(The task): Would you give the listing again exactly, without its images?

(Material for this exercise):
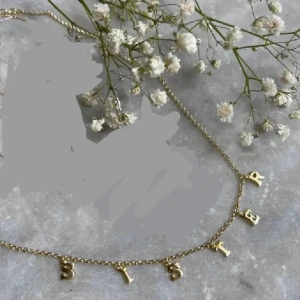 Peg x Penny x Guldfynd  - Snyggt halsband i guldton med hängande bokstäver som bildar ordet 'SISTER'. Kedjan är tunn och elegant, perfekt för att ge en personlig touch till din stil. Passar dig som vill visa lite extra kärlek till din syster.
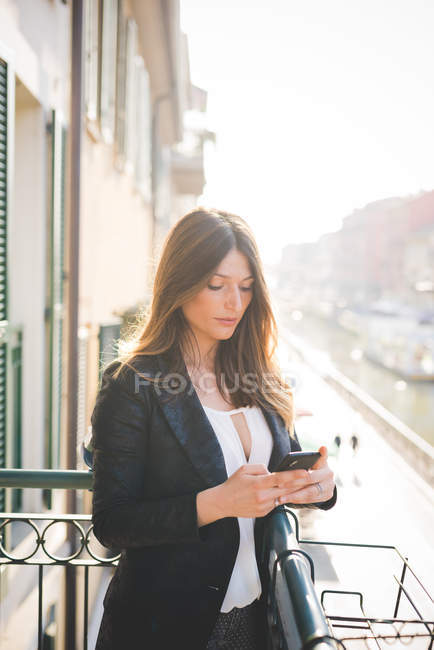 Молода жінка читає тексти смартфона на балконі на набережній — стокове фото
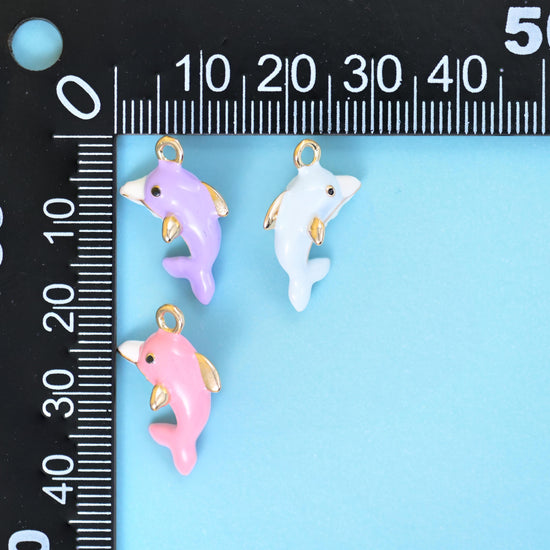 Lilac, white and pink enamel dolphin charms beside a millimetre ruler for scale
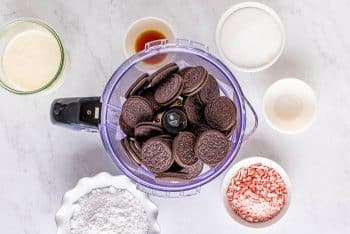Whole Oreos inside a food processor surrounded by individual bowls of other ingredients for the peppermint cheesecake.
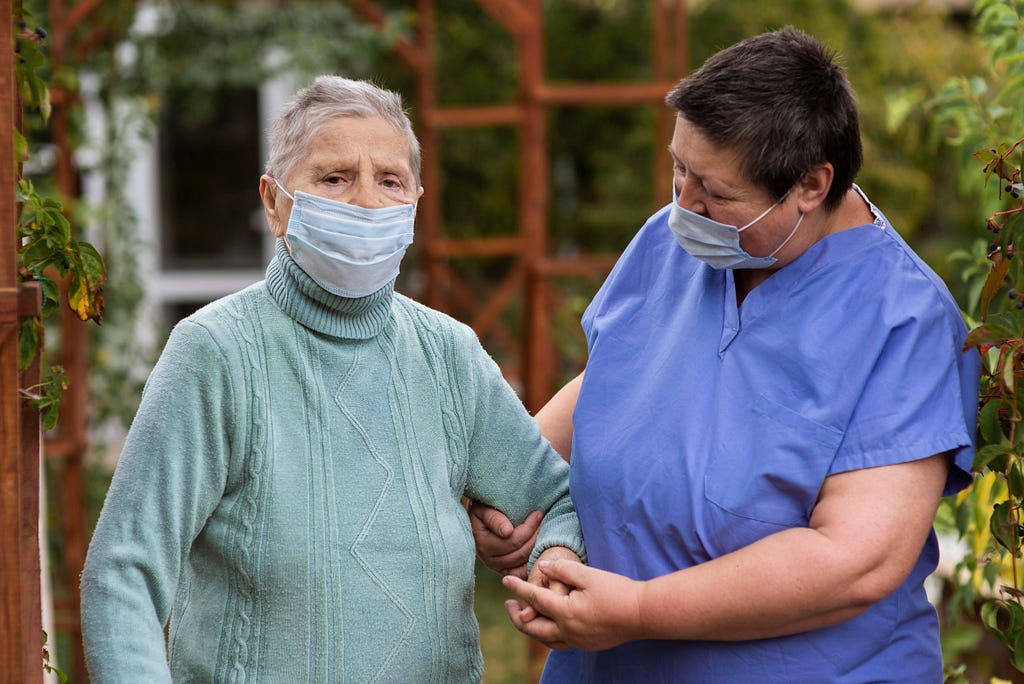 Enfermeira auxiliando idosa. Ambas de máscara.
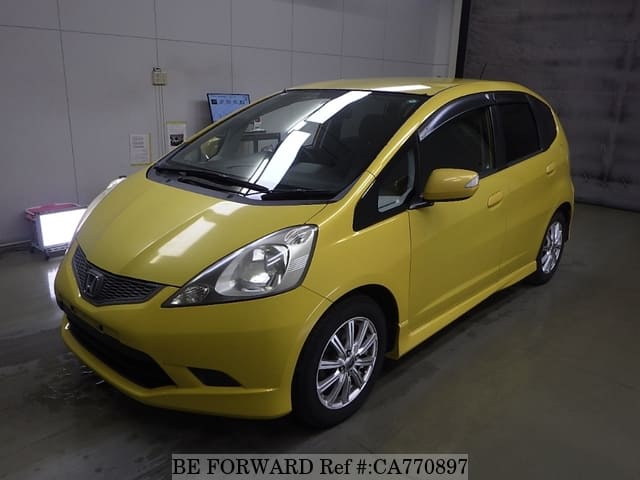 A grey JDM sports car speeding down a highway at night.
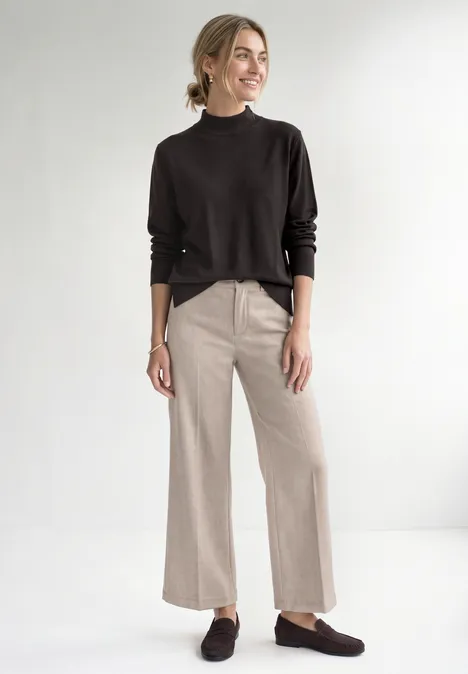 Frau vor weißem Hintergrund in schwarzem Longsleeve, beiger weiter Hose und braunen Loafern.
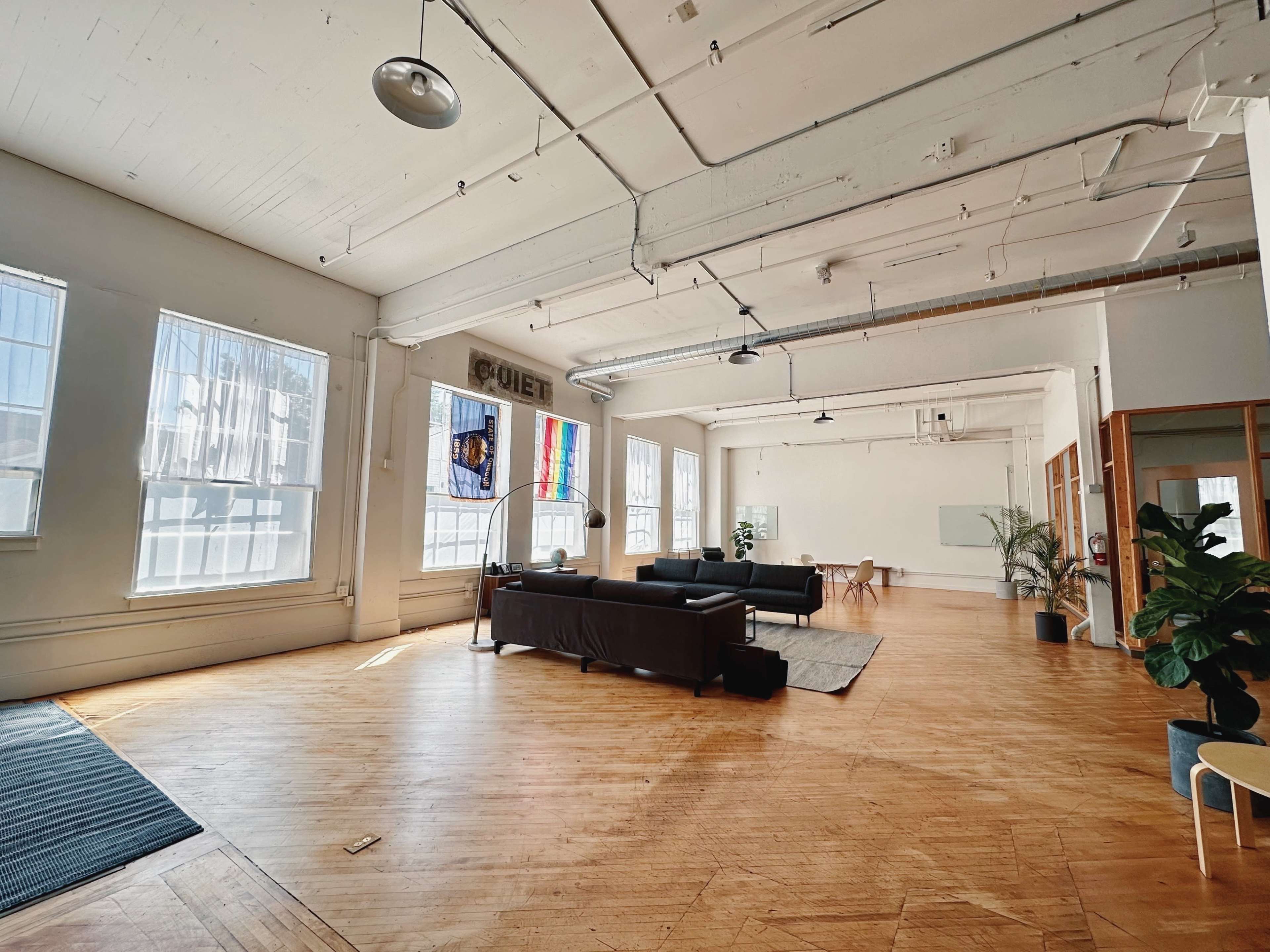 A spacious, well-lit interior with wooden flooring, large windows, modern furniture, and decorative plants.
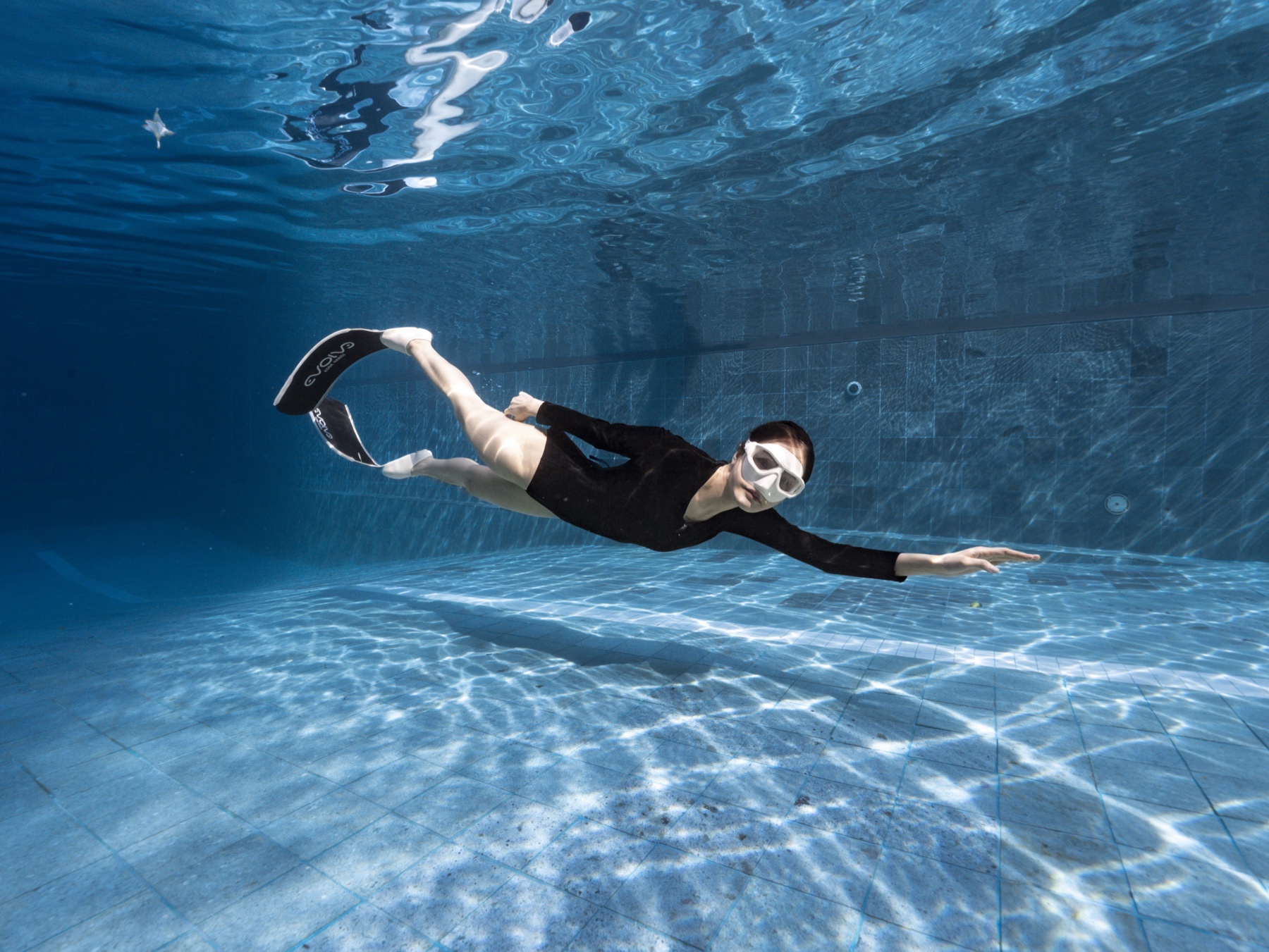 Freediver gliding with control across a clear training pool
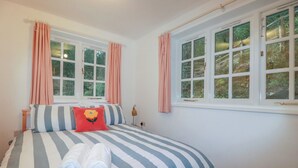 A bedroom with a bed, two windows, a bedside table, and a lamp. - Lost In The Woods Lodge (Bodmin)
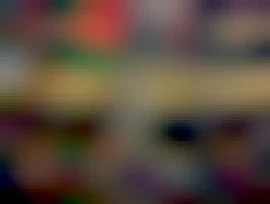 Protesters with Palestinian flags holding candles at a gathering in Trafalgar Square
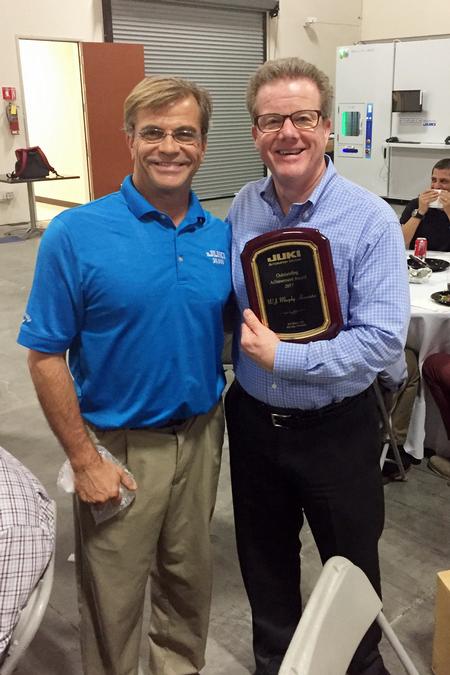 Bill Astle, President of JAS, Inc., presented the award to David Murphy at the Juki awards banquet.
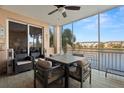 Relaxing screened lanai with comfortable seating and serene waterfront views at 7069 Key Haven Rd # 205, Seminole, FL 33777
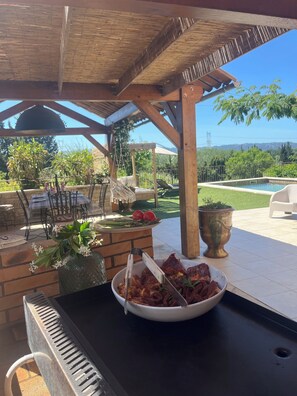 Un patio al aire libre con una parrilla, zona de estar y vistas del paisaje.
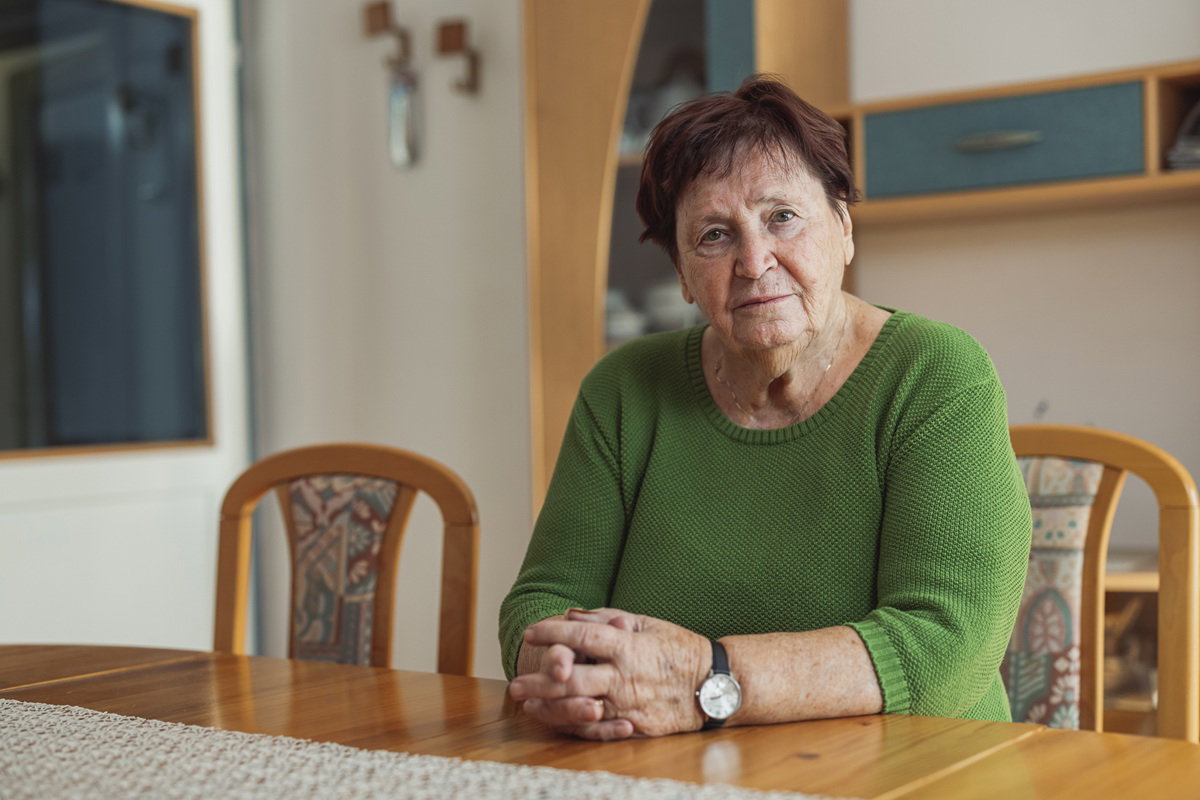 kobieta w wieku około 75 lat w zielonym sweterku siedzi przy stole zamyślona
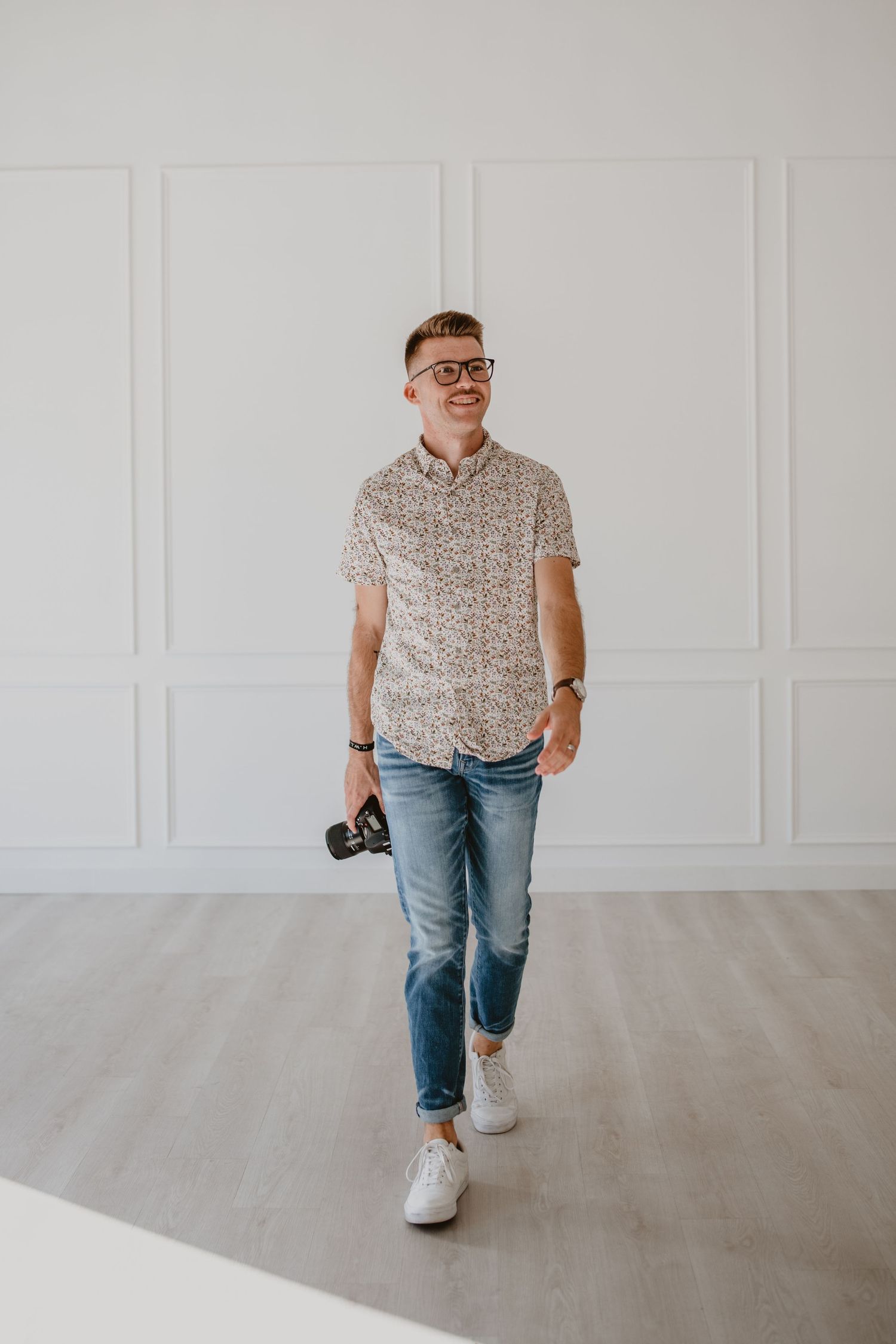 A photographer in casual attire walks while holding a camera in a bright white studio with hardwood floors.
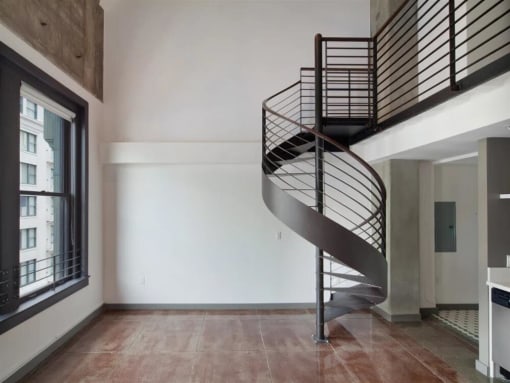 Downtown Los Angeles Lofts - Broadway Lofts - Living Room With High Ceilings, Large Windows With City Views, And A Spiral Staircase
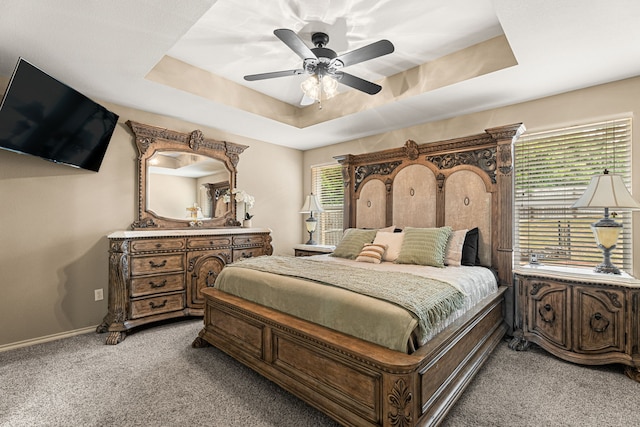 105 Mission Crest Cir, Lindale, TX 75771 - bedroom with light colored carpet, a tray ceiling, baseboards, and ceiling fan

(Task output):
 Peg x Penny x Guldfynd  - Snyggt halsband i guldton med hängande bokstäver som bildar ordet 'SISTER'. Kedjan är tunn och elegant, perfekt för att ge en personlig touch till din stil. Passar dig som vill visa lite extra kärlek till din syster.
 Молода жінка читає тексти смартфона на балконі на набережній — стокове фото
 Lilac, white and pink enamel dolphin charms beside a millimetre ruler for scale
Whole Oreos inside a food processor surrounded by individual bowls of other ingredients for the peppermint cheesecake.
 Enfermeira auxiliando idosa. Ambas de máscara.
 A grey JDM sports car speeding down a highway at night.
 Frau vor weißem Hintergrund in schwarzem Longsleeve, beiger weiter Hose und braunen Loafern.
 A spacious, well-lit interior with wooden flooring, large windows, modern furniture, and decorative plants.
 Freediver gliding with control across a clear training pool
 A bedroom with a bed, two windows, a bedside table, and a lamp. - Lost In The Woods Lodge (Bodmin)
 Protesters with Palestinian flags holding candles at a gathering in Trafalgar Square
 Bill Astle, President of JAS, Inc., presented the award to David Murphy at the Juki awards banquet.
 Relaxing screened lanai with comfortable seating and serene waterfront views at 7069 Key Haven Rd # 205, Seminole, FL 33777
 Un patio al aire libre con una parrilla, zona de estar y vistas del paisaje.
 kobieta w wieku około 75 lat w zielonym sweterku siedzi przy stole zamyślona
 A photographer in casual attire walks while holding a camera in a bright white studio with hardwood floors.
 Downtown Los Angeles Lofts - Broadway Lofts - Living Room With High Ceilings, Large Windows With City Views, And A Spiral Staircase
 105 Mission Crest Cir, Lindale, TX 75771 - bedroom with light colored carpet, a tray ceiling, baseboards, and ceiling fan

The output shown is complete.